Banido | 2024

Banido | 2024

A história do Cinema Sulafricano a partir da censura de um filme perdido

Joe Bullet é um filme sulafricano de 1973, dirigido por Louis de Witt, que cria, pela figura do ator Ken Gampu, uma celebridade da época, um heroi negro nos moldes de James Bond. Nada de novo se o longa de ação não fosse a primeira obra da África do Sul a possuir um elenco e produção inteiramente negros, realizado com o propósito de atrair pessoas negras ao cinema, na vigência do regime segregacional do Apartheid (1948 – 1994), e que findou por banir e proibir Joe Bullet antes mesmo de ser exibido comercialmente.

Banido é o primeiro longa-metragem da diretora Naledi Bogacwi, documentário que resgata os acontecimentos do filme censurado a partir da abordagem de alguns membros do elenco e da produção, da oitiva de especialistas e outros artistas da época, bem como trazendo ricas imagens da obra, traçando assim um panorama importante não só das atrocidades do regime, mas também da história do Cinema Sulafricano.

Se o Cinema no continente africano em geral, às duras penas, conseguiu se estabelecer de forma tardia, ainda encontrando dificuldades atuais em sua produção ante o apagamento cultural provocado pelos colonizadores, a África do Sul, em específico, pelas particularidades de sua história de segregação, sendo um país governado, até 1994, somente por pessoas brancas, não conseguia fazer qualquer Cinema que não fosse branco e permitido pelo regime. Joe Bullet não era inovador somente por tratar-se de uma produção negra, mas por buscar a reformulação da imagem do negro como não marginalizado – os personagens eram ricos, andavam em carros de luxo, características antes só vistas em filmes brancos.

Às pessoas negras, durante o Apartheid, não havia permissão sequer de tocar uma câmera profissional, não havia treinamento para o trabalho na área, não lhes era permitido ir a alguns cinemas.

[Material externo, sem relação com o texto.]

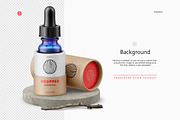 Dropper Bottle 10ml with Tube Mockup, a Cups & Container Mockup by HelenStock (Thumbnail 5 of 9)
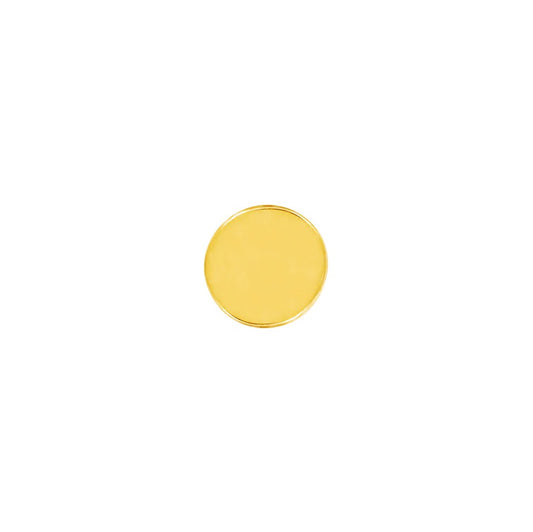 14k Gold Disk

Eram vistas nas telas como celebridades, porém fora delas eram precariamente pagas. Enquanto filmes não negros recebiam subsídios de cerca de 2 milhões de rands para a produção cinematográfica, aos filmes negros eram relegados meros 30 mil rands.

Naledi Bogacwi parte, portanto, de Joe Bullet, como um exercício pessoal de redescoberta da história do Cinema de seu país e falar sobre a banição de obras artísticas negras em todos os contextos durante o Apartheid. Os motivos para a censura eram os mais banais: a existência de elementos criminosos, a presença de armas, de assassinatos, o estímulo a fazer justiça com as próprias mãos, a violência, todos recursos próprios do gênero, suficientes para causar o esquecimento de uma obra de arte. Os entrevistados contam como burlavam as regras do regime através do uso da própria diversidade de línguas faladas na África do Sul e da suavização das mensagens, e ainda assim, artistas enfrentavam todos os dias o medo da prisão.

Em tempos horríveis, onde pessoas negras, se não eram mortas, frequentavam semanalmente funerais de amigos e parentes assassinados pelo governo, onde até a pronúncia do nome de Mandela era proibida, encontrava-se na arte a munição necessária contra a opressão. O banido Joe Bullet, um resgatado rolo pesado de filme guardado numa garagem, pôde ser reexibido graças à resiliência de artistas, negros e aliados anti-regime. A diretora faz sua estreia com  um Cinema ativista e político que visa atrair o olhar externo a esses acontecimentos pouco conhecidos e debatidos, e Banido se mostra um documento histórico notável que não necessita da panfletagem para reforçar o horror daquilo que já passou, mas sim abordá-lo para abrir um novo espaço àquilo que foi por tantos anos perdido.